Nagios was telling me:
FILE_AGE WARNING: /usr/home/rsyncer/backups/aws-1/postgresql/freshports.org.dump is 117636 seconds old and 3608113799 bytes
That means the FreshPorts backup is more than a day old, and it should have been refreshed by now.
OK, let’s go look.
I log into the host known as aws-1 and check the files. They look fresh to me:
[rsyncer@aws-1 ~/backups/database-backup/postgresql]$ ls -lt total 3525154 -rw-r--r-- 1 rsyncer rsyncer 3963 Jul 16 02:14 globals.sql drwxr-xr-x 2 rsyncer rsyncer 4 Jul 16 02:14 archive -rw-r--r-- 1 rsyncer rsyncer 3610129659 Jul 16 02:14 freshports.org.dump
I don’t see any rsync in progress (I checked using ps auwwx | grep rysnc).
Let’s try this manually
Looking at my backup script, the last thing I see is:
/usr/bin/ssh -i ${HOME}/.ssh/id_ed25519.dump dbclone.int.unixathome.org rsync-backup-from-aws-1-dump.sh
That’s the rsyncer user telling the dbclone to run the rsync-backup-from-aws-1-dump.sh script. More on that later.
Let’s try this manually:
[rsyncer@aws-1 ~]$ /usr/bin/ssh -i ${HOME}/.ssh/id_ed25519.dump dbclone.int.unixathome.org rsync-backup-from-aws-1-dump.sh bash: line 1: /usr/local/sbin/rrsync: cannot execute: required file not found rsync: connection unexpectedly closed (0 bytes received so far) [Receiver] rsync error: remote command not found (code 127) at io.c(231) [Receiver=3.3.0]
What?
Let’s go to dbclone and check ~/.ssh/authorized_keys:
from="aws-1.startpoint.vpn.unixathome.org,192.0.2.130",command="/home/rsyncer/bin/rsync-backup-from-aws-1-dump.sh" ssh-ed25519 AAAAC3NzaC1lZDI1NTE5AAAAIOuHMg9eBDIM3UXRzMW861DEfvXfwnZvRMC6LCz3dCcS rsyncer@aws-1.int.unixathome.org
This says:
- When the connection is from aws-1.startpoint.vpn.unixathome.org,192.0.2.130…

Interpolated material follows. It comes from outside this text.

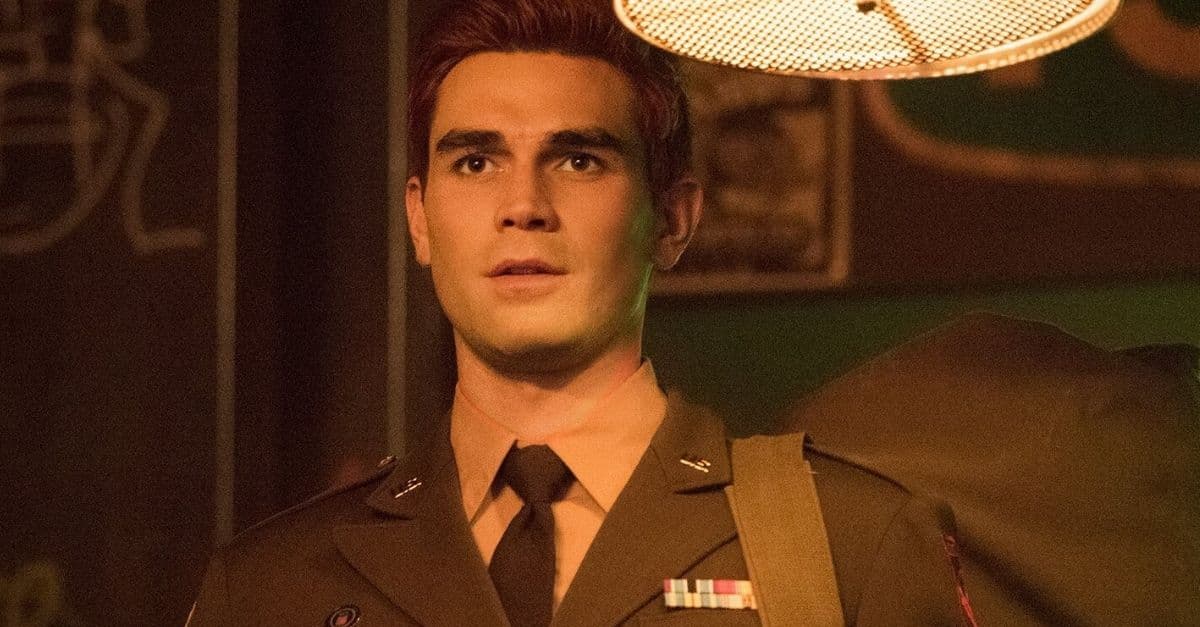 5ª temporada de Riverdale tem salto temporal e novos conflitos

- invoke the script /home/rsyncer/bin/rsync-backup-from-aws-1-dump.sh
- And allow this to happen only if the key they are using is the one with that hash shown
This tightly restricts the incoming ssh connection to one thing, and one thing only.
The script
Let’s look at the script:
[rsyncer@dbclone ~]$ cat /home/rsyncer/bin/rsync-backup-from-aws-1-dump.sh #!/bin/sh # # This file does a backup of each database on the server. # It relies upon a file on the server to do the actual backup, # then uses rsync to copy the files from the server to here. # # the ~/.ssh/authorized keys entry on the server must look like this: # # from="192.0.2.140",command="/usr/local/sbin/rrsync /usr/home/backups/" [ssh key goes here] # # invoking rrsync ensures the incoming rsync process is chrooted to /usr/home/dan/backups/ # Thus, BACKUPDIR is relative to that location. BACKUPDIR=${HOME}/backups/aws-1 IDENTITY_FILE_RSYNC=${HOME}/.ssh/id_ed25519 SERVER_TO_RSYNC=aws-1.vpn.unixathome.org cd ${BACKUPDIR} # # use rsync to get local copies # /usr/local/bin/rsync -e "/usr/bin/ssh -i ${IDENTITY_FILE_RSYNC}" --recursive -av --stats --progress --exclude 'archive' ${SERVER_TO_RSYNC}:/ ${BACKUPDIR}
This script invokes rsync over ssh, effectively pulling it from aws-1 to dbclone.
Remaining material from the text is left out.